→ Exercise aim: Nothing below is to be printed except the lines between the line holding "Yeah, I mainly" and the line holding "Now, by the", inclusive, each exactly as it appears.

→ Information shown:
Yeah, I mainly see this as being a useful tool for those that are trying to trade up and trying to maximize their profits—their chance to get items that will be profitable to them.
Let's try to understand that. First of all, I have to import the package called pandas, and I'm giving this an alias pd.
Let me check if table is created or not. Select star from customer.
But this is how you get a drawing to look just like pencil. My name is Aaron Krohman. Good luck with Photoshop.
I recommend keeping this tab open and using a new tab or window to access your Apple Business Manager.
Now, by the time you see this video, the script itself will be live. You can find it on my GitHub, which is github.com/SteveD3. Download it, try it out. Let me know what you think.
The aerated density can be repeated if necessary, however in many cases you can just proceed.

--

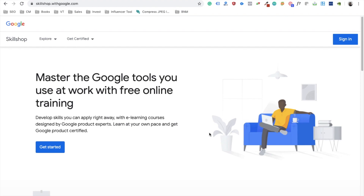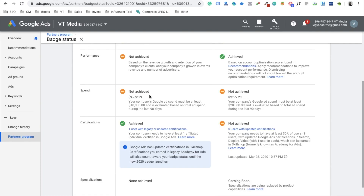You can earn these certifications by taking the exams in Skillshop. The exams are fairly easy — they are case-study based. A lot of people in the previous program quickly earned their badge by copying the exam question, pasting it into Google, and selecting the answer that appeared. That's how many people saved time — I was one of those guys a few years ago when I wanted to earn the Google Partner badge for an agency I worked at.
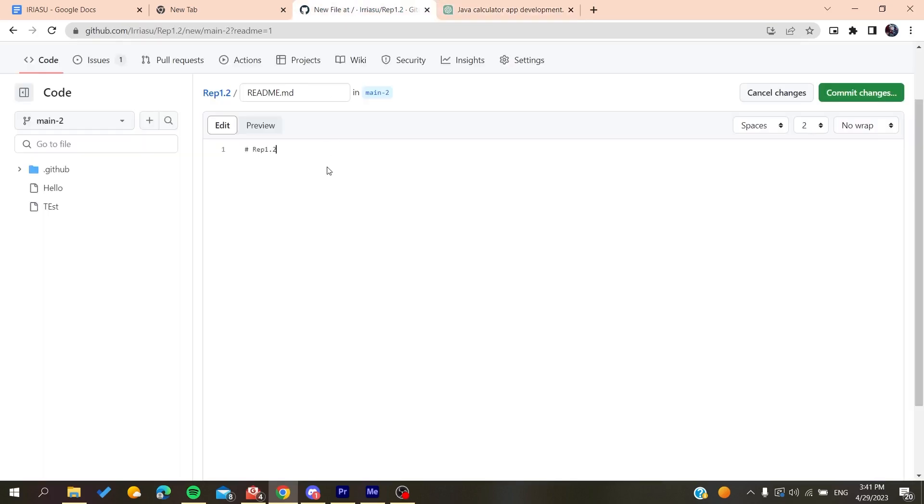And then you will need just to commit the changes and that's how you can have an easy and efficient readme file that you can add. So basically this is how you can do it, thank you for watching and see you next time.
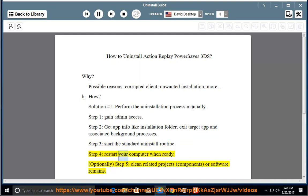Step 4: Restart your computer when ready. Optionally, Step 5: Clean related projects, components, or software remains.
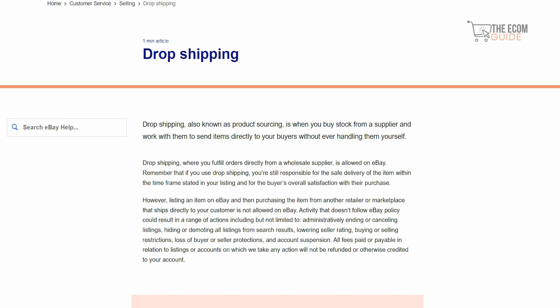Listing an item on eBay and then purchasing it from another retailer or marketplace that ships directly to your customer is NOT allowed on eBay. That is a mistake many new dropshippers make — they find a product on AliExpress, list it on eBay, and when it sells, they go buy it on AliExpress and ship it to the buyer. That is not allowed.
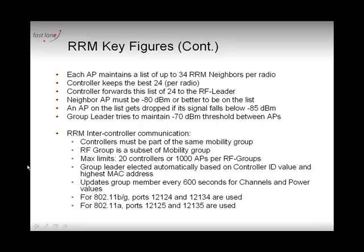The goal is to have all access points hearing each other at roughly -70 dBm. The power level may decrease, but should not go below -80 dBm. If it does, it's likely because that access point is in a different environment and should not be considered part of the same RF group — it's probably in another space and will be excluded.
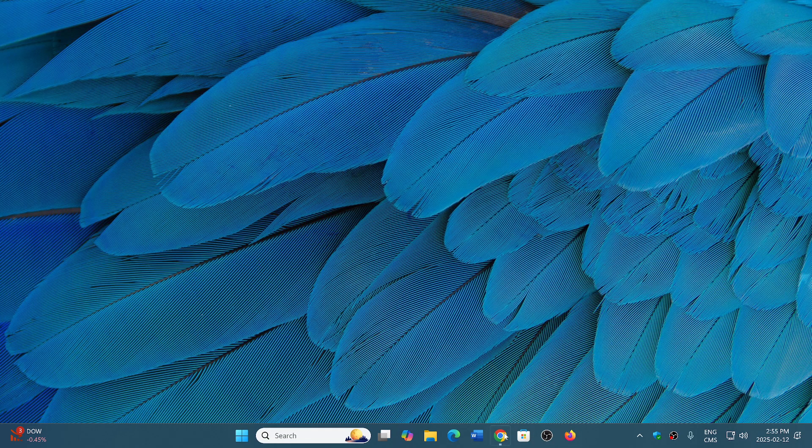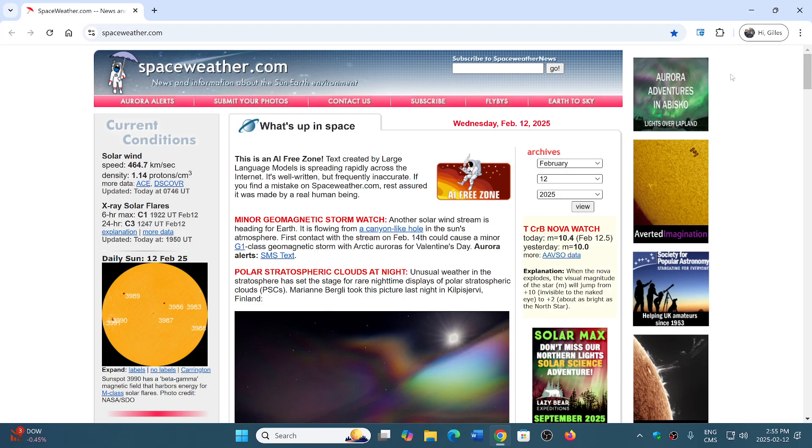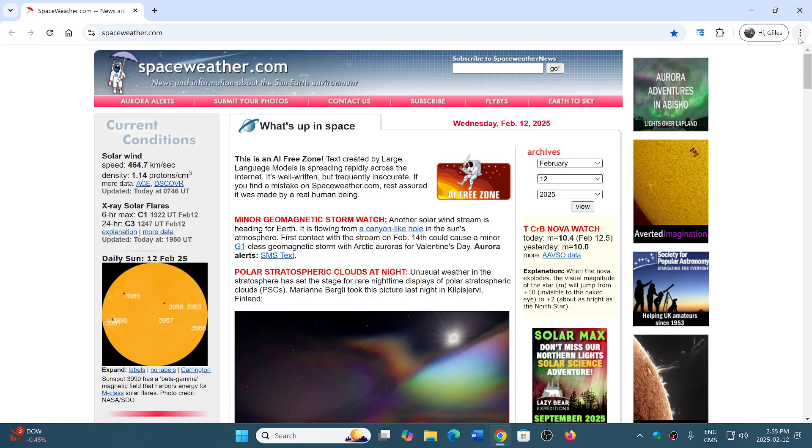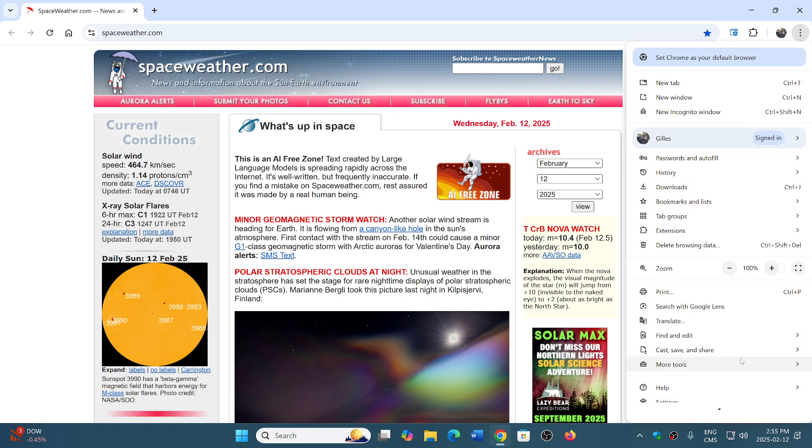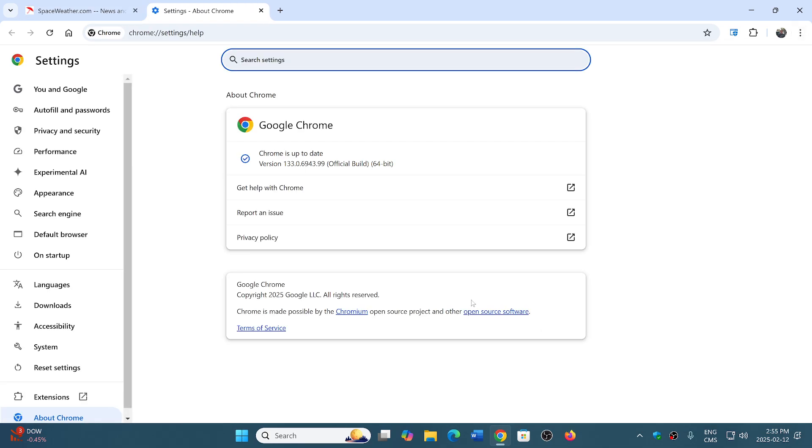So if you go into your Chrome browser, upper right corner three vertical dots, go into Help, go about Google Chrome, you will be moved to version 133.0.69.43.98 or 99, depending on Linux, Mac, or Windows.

→ Answer to this exercise:
Yeah, I mainly see this as being a useful tool for those that are trying to trade up and trying to maximize their profits—their chance to get items that will be profitable to them.
Let's try to understand that. First of all, I have to import the package called pandas, and I'm giving this an alias pd.
Let me check if table is created or not. Select star from customer.
But this is how you get a drawing to look just like pencil. My name is Aaron Krohman. Good luck with Photoshop.
I recommend keeping this tab open and using a new tab or window to access your Apple Business Manager.
Now, by the time you see this video, the script itself will be live. You can find it on my GitHub, which is github.com/SteveD3. Download it, try it out. Let me know what you think.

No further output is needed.